Nonetheless, he knew that the tale he had to tell could not be one of final victory. It could be only the record of what had had to be done, and what assuredly would have to be done again in the never ending fight against terror and its relentless onslaughts, despite their personal afflictions, by all who, while unable to be saints but refusing to bow down to pestilences, strive their utmost to be healers.

-- A. Camus, 1948 1

Background Information

The nation's capacity to respond to biothreat agents depends on the ability of first responders, clinicians, and public health officials to detect, manage, and communicate during a bioterrorist event.2-6 These first responders (e.g., emergency medical technicians, firemen, policemen, and hazard materials professionals), clinicians (e.g., physicians, nurses, nurse practitioners and respiratory therapists), and public health officials (local, state, national and international) will require substantial resources as well as appropriate information technologies and decision support systems (IT/DSSs) to perform their jobs effectively in response to a bioterrorist attack.2-6

The morbidity and mortality that may result from a poorly prepared health care system responding to a bioterrorist attack have been well described.7, 8 In 2 recent simulations, 9 and perhaps most dramatically in the descriptions of 2 actual vulnerability tests performed during the U.S. offensive bioweapons program, 10 the need for ITs for detection, diagnosis, management, prevention, surveillance, reporting, and communication during a bioterrorism event was deemed paramount.

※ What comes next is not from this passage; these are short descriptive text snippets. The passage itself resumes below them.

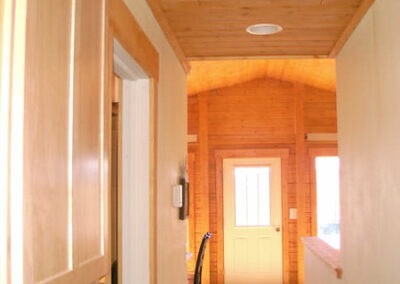 Centennial Wyoming Log Home Model Interior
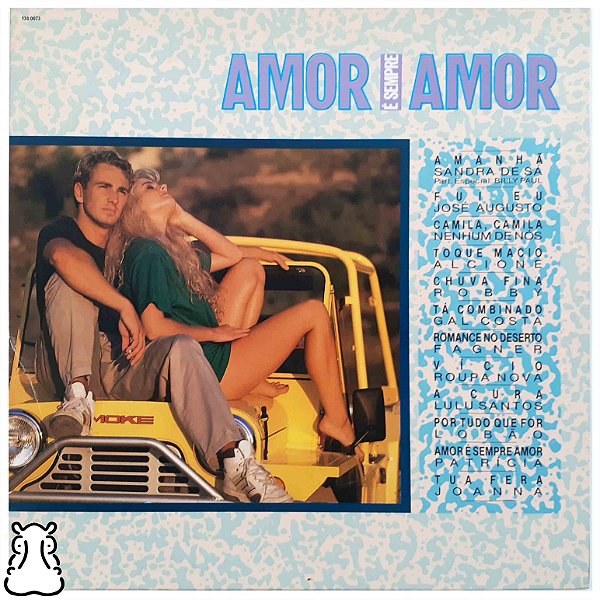 LP Amor É Sempre Amor - Disco de Vinil Amostra - 1989 - Hm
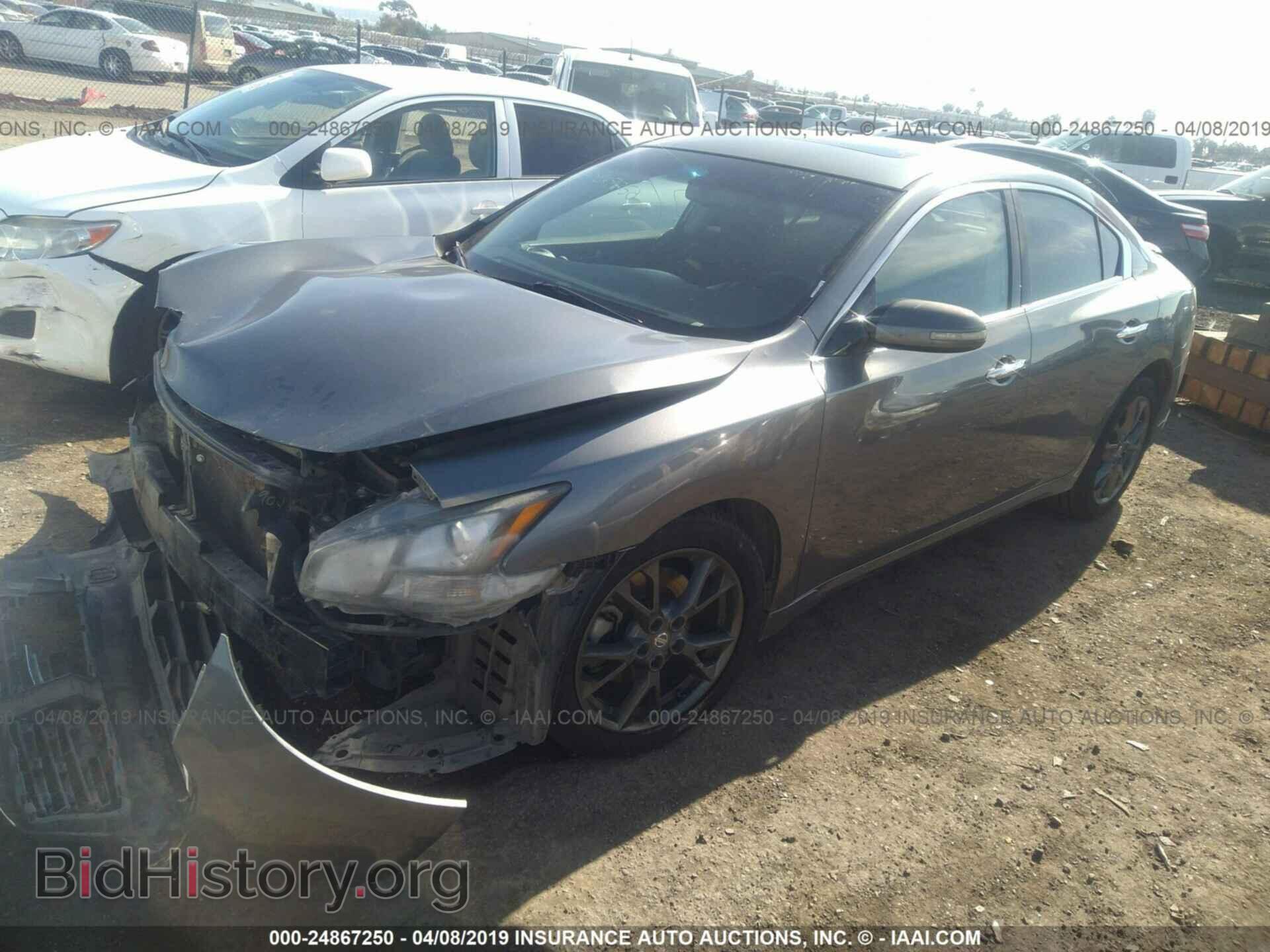 2014 NISSAN MAXIMA - VIN: 1N4AA5AP4EC469033 - Photo 2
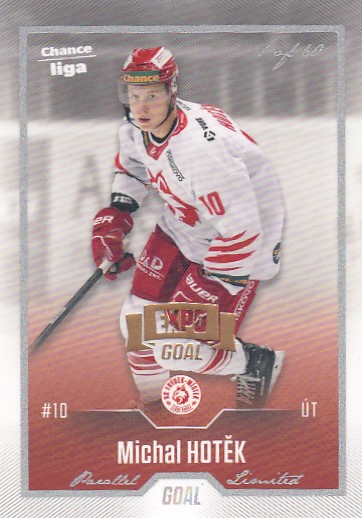 HOTĚK Michal GOAL Cards 2022/2023 č. 136 Expo Silver /3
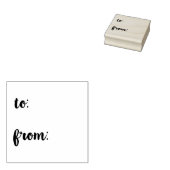 Klasse bis und von gummistempel (Stempel)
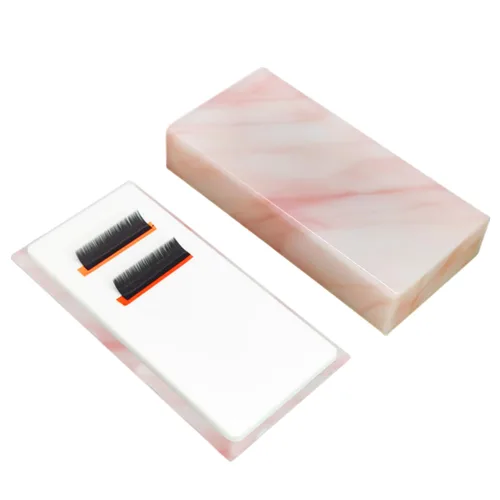 Miniatura 10 de Paleta de injerto de pestañas con cubierta, soporte para azulejos de pestañas acrílicas a prueba de polvo, almohadillas de juntas de almacenamiento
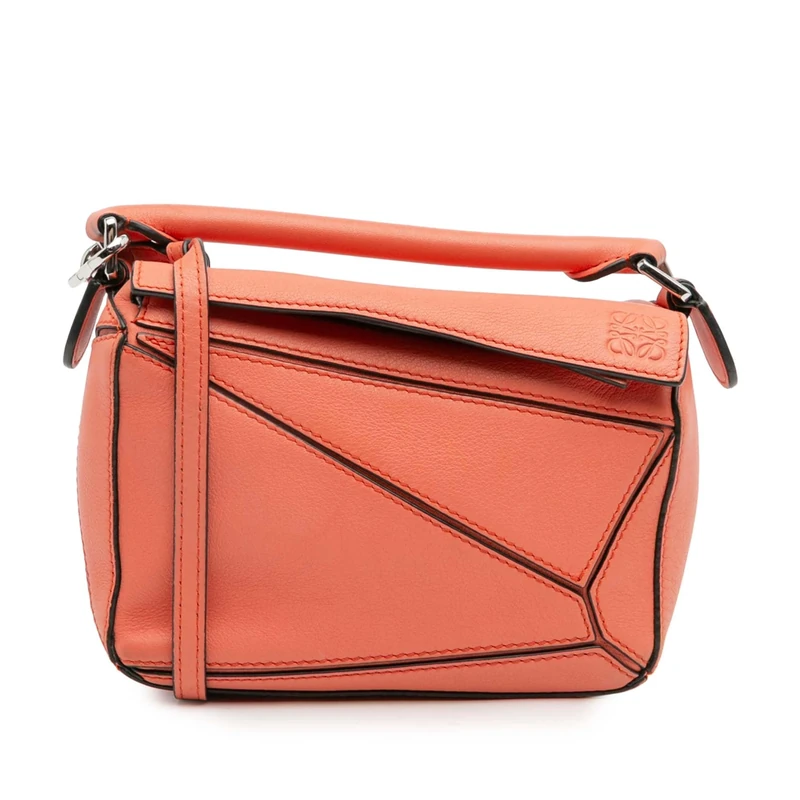 LOEWE Pre-Loved Mini Calfskin Puzzle Satchel Handbag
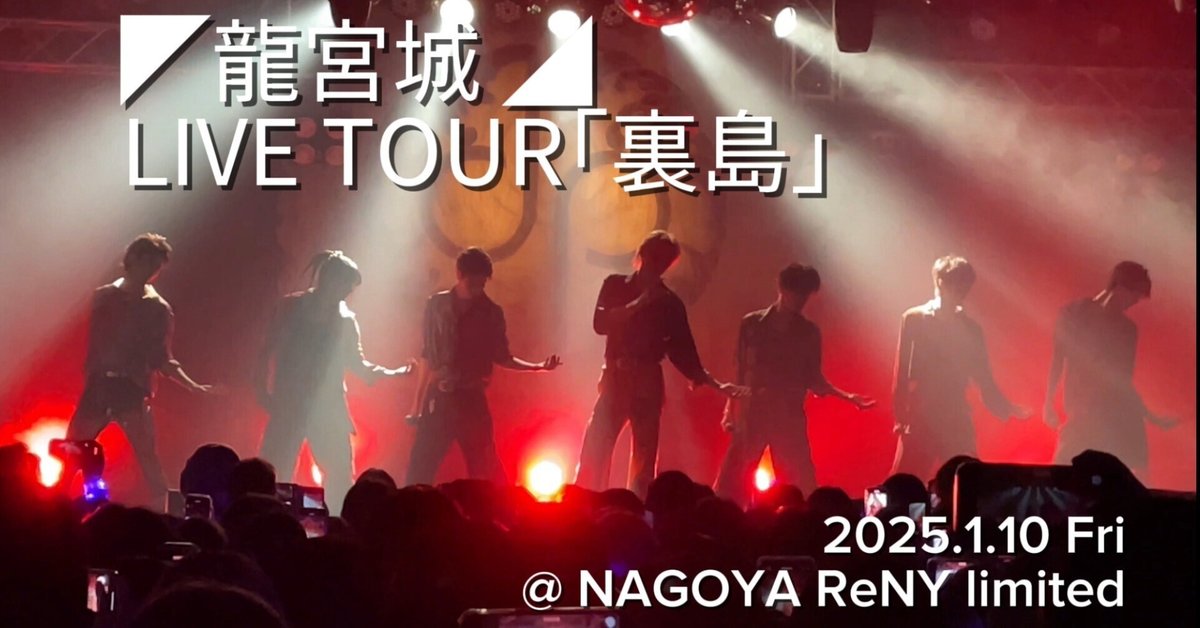 龍宮城　武道館　裏島　抽選券　20枚セット 龍宮城 2025年2月22日 日本武道館「裏島」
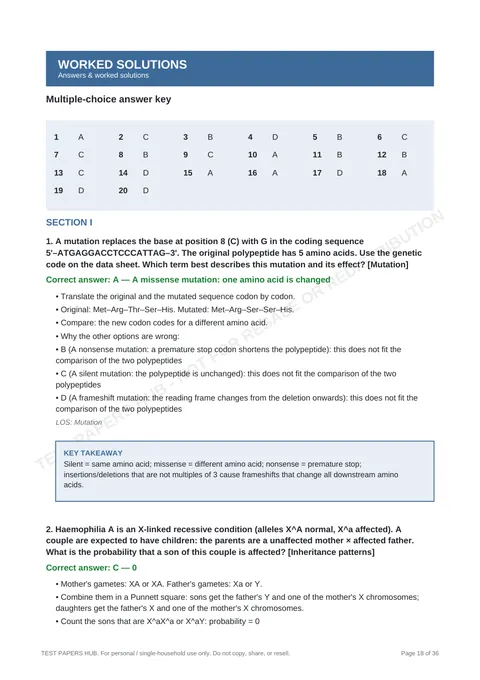Solutions preview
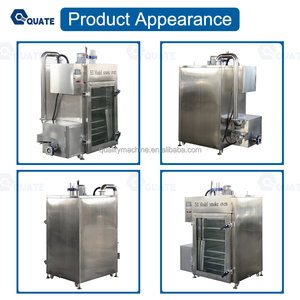 Poisson fumoir commerce <span class=keywords><strong>pas</strong></span> <span class=keywords><strong>cher</strong></span> poisson-chat petit entièrement automatique fumeur viande Machine à fumée four à fumée four machines de traitement de la viande - Product Image 6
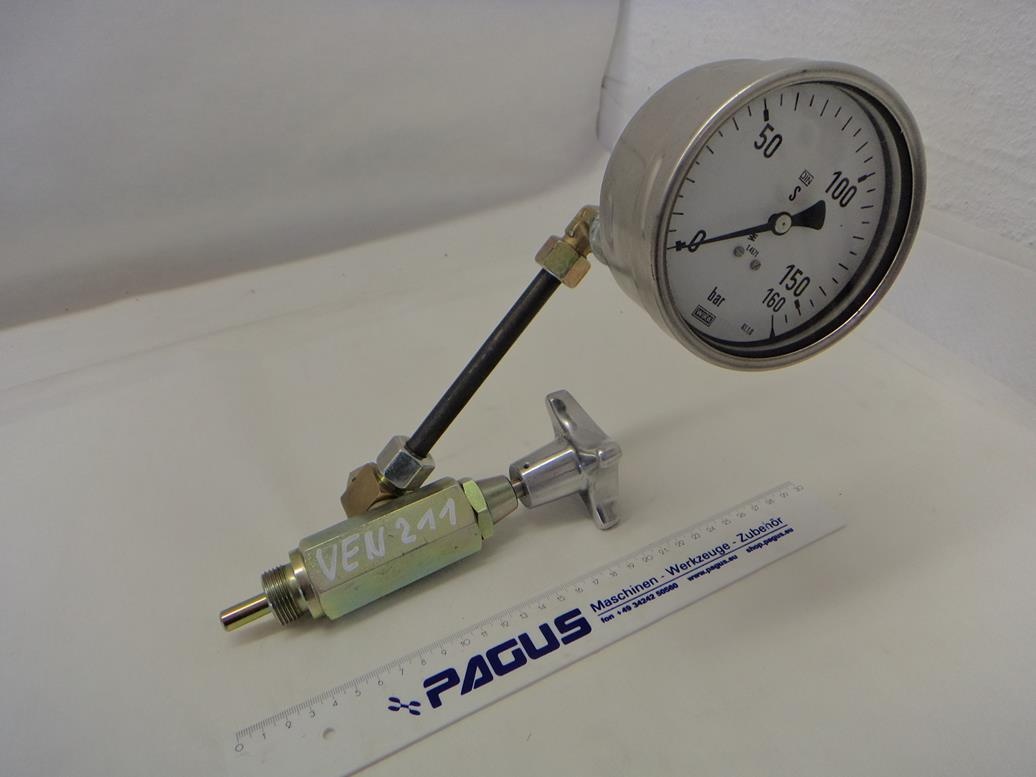 Manometer mit Absperrventil 160 bar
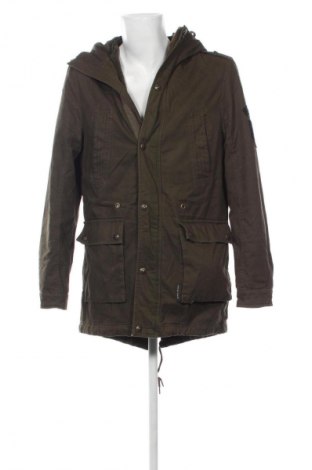 Herrenjacke Poolman, Größe M, Farbe Grün, Preis 20,99 €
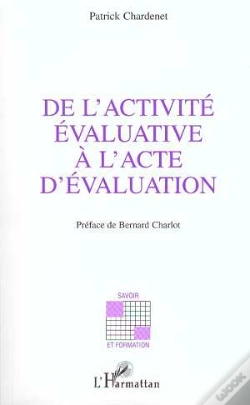 Capa do artigo De L'Activité Évaluative À L'Acte D'Évaluation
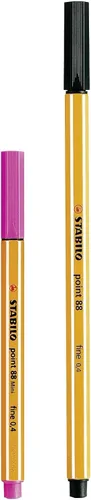 Miniatura 4 de STABILO - point 88 Mini - Fineliner - Pack de 8 - Colores surtidos Multicolor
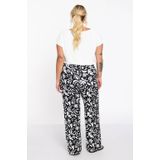 YOEK - Broek - Zwart-Wit - Viscose - Straight Fit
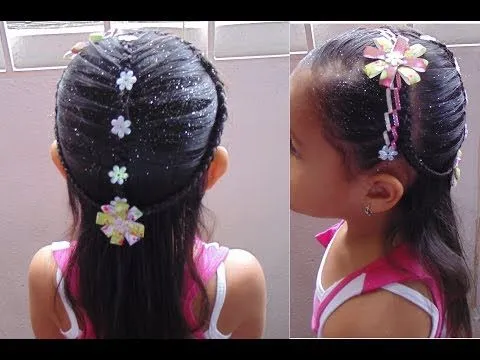 Peinado para niña - Trenza con pin up - Youtube Downloader mp3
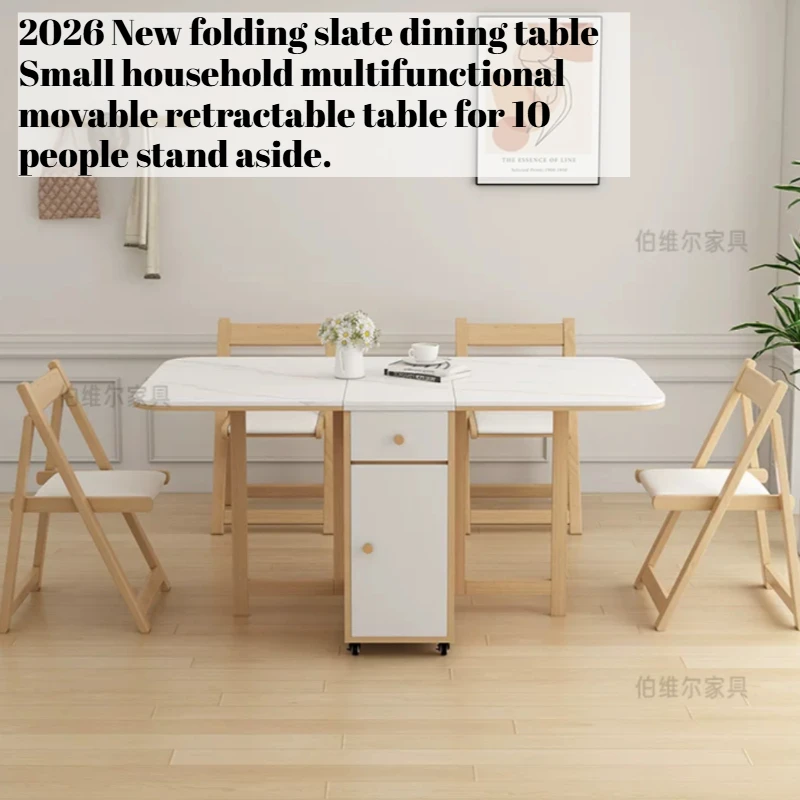 Tavolo da Pranzo Pieghevole per Cucina e Patio, Sedie da Esterno in Legno, Mobili di Lusso per Cucina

An exercise called TOPOFF, designed to test the readiness of top officials of the government to respond to terrorist attacks, was conducted by the U.S. Department of Justice in response to a request by the U.S. Congress to "assess the Nation's crisis and consequence management capacity under extraordinarily stressful conditions." 9 The exercise, which took place in May 2000 at a cost of $3 million, simulated a chemical weapons event in Portsmouth, New Hampshire, a radiological event in the Washington, D.C. area, and a release of an aerosol of Yersinia pestis in Denver, Colorado. 9 The officials participating in this exercise included: county, state, and federal public health officials; emergency physicians; emergency management professionals; and infection control professionals. 9 Significant difficulties were experienced during the exercise including clear identification of the crisis management leaders and decision makers, distribution of resources such as antibiotics from the National Pharmaceutical Stockpile, determination of best methods for the prevention of the spread of disease, and inadequate management of crisis situations that resulted from hospitals running out of beds, supplies, and personnel. 9 The primary means of communication during the exercise was via conference calls. 9 At times nearly 100 people, many of whom had no prior working relationships, were on the conference calls trying to participate in the decision-making process. 9 ITs would have facilitated many of the decision-making processes during this exercise. In particular, IT/DSSs could have been used for the rapid diagnosis of people seeking medical attention; for the management of cases including isolation, treatment, and maintenance of personal safety among clinicians; and for communication among all participating organizations.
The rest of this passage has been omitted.